Prisão temporária e preventiva
Segundo a polícia de Santa Maria, quatro envolvidos na tragédia permanecem presos temporariamente.
A prisão temporária deles foi decretada na última segunda-feira e durará cinco dias, podendo ser prorrogada por igual período.
Especialistas afirmam que, se necessário, depois desse tempo, a prisão preventiva dos suspeitos pode ser decretada.
"Porém, isso tende a ser pouco provável, uma vez que ela só é pedida em casos excepcionais, como, por exemplo, se há ameaça de fuga ou se há risco à população", afirma Sundfeld.
Segundo os especialistas, as responsabilidades dos acusados podem variar nas esferas cível (indenizações), penal (crimes) e administrativa (processo disciplinar).
Na última terça-feira, em uma entrevista coletiva, o delegado Marcelo Arigony, responsável pelo caso, e o promotor Cesar Augusto Carlan disseram que agentes públicos poderiam ser responsabilizados pela tragédia na boate Kiss.
Assim, além dos donos da casa noturna e dos integrantes da banda que acenderam o sinalizador, que teria provocado o incêndio, a Prefeitura e o Corpo de Bombeiros também poderiam ser responsabilizados pela tragédia.
"Eles poderiam ser considerados corresponsáveis pelo crime, uma vez que a lei determina os deveres do ofício", diz o jurista Roberto Delmanto Júnior.
Penas
A definição das penas dependerá do entendimento do Judiciário.

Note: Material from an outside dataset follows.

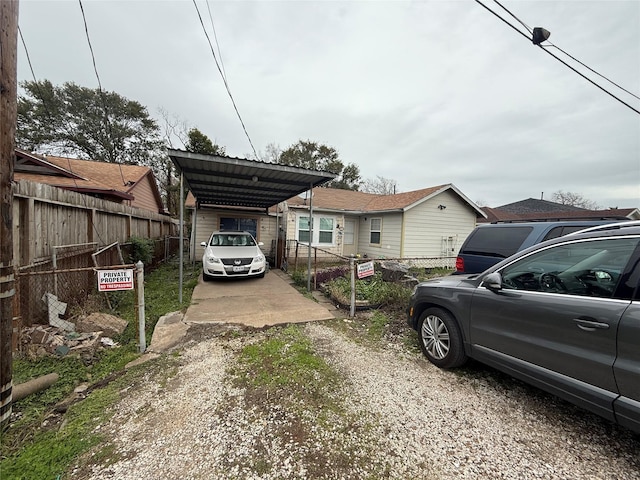 view of front of house with a carport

Segundo o advogado criminalista Carlos Kauffmann, se o juiz entender que houve homicídio culposo (quando não há intenção de matar), as penas podem variar de um a até três anos de prisão.

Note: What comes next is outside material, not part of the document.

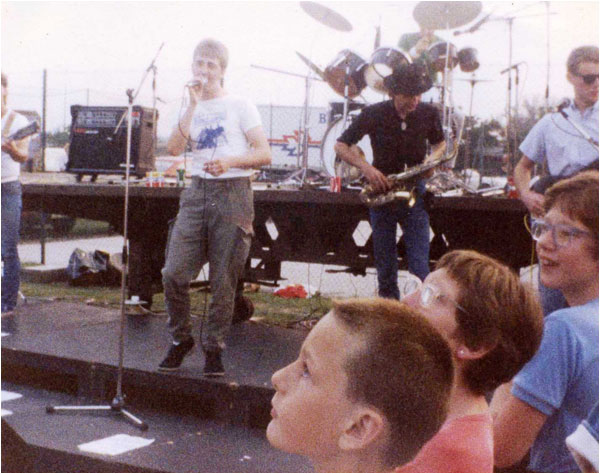 The Dream Factory at the Tamworth Rock Festival in August 1984. It shows left to right Lloyd Barnett, Tim Goode, Andy Codling and Mark Mortimer with drummer Steve Quilton perched above at the rear! Look at the age of the audience!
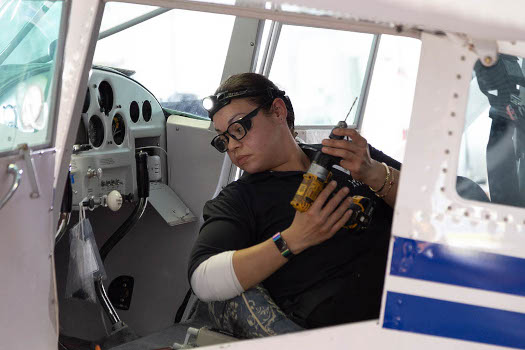 AIM alumni working on an airplane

"Nesse caso, as penas devem ser convertidas em prestação de serviços à comunidade", afirma Kauffmann.
Por outro lado, para o criminalista, o Ministério Público pode entender que o incêndio foi causado por dolo eventual, quando o acusado, apesar de não ter a intenção de matar, assume concretamente o risco do resultado.
"Nessa hipótese, que, apesar de ser menos provável, parece ser a adotada pelo MP, uma vez que houve prisão temporária, o caso poderia ir a um tribunal do júri e demoraria mais tempo. As penas variariam de seis a 20 anos de prisão, dependendo da qualificadora", acrescenta Kauffmann.
Para parte dos especialistas ouvidos, no entanto, a pressão popular e a repercussão negativa do caso para o Brasil podem contribuir para que o episódio não caia no "esquecimento".
"Por mais que o processo seja demorado, acredito que não deva haver 'pano quente' nessa história, devido à quantidade de mortes, sobretudo de jovens", conclui Medauar, da USP.